(EXERCISE MATERIAL Opens)
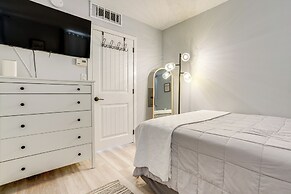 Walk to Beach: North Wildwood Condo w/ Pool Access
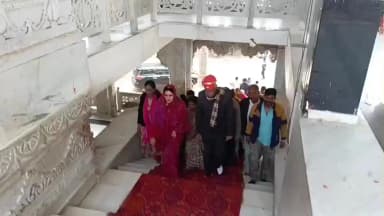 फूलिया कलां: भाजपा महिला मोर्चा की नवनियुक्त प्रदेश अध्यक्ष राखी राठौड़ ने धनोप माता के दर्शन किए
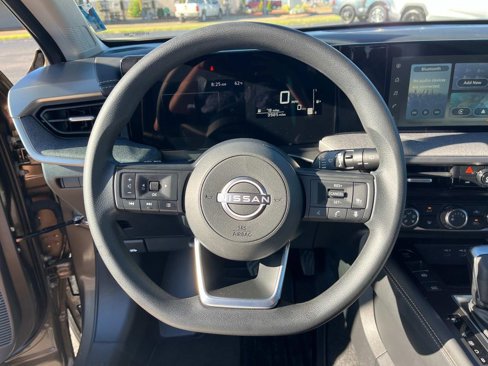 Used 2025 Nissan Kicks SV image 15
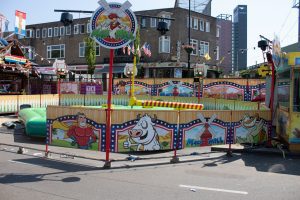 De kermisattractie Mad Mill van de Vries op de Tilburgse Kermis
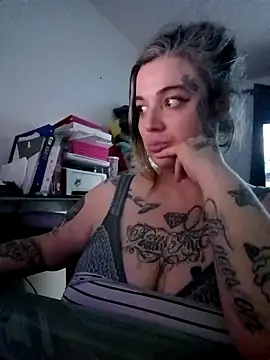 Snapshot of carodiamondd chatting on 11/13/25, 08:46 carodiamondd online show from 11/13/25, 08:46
(EXERCISE MATERIAL Closes)
> **PROBLEM TO SOLVE**: Print the data again, word for word, without any pictures.

> **RESPONSE**:
 Walk to Beach: North Wildwood Condo w/ Pool Access
 फूलिया कलां: भाजपा महिला मोर्चा की नवनियुक्त प्रदेश अध्यक्ष राखी राठौड़ ने धनोप माता के दर्शन किए
 Used 2025 Nissan Kicks SV image 15
 De kermisattractie Mad Mill van de Vries op de Tilburgse Kermis
 Snapshot of carodiamondd chatting on 11/13/25, 08:46 carodiamondd online show from 11/13/25, 08:46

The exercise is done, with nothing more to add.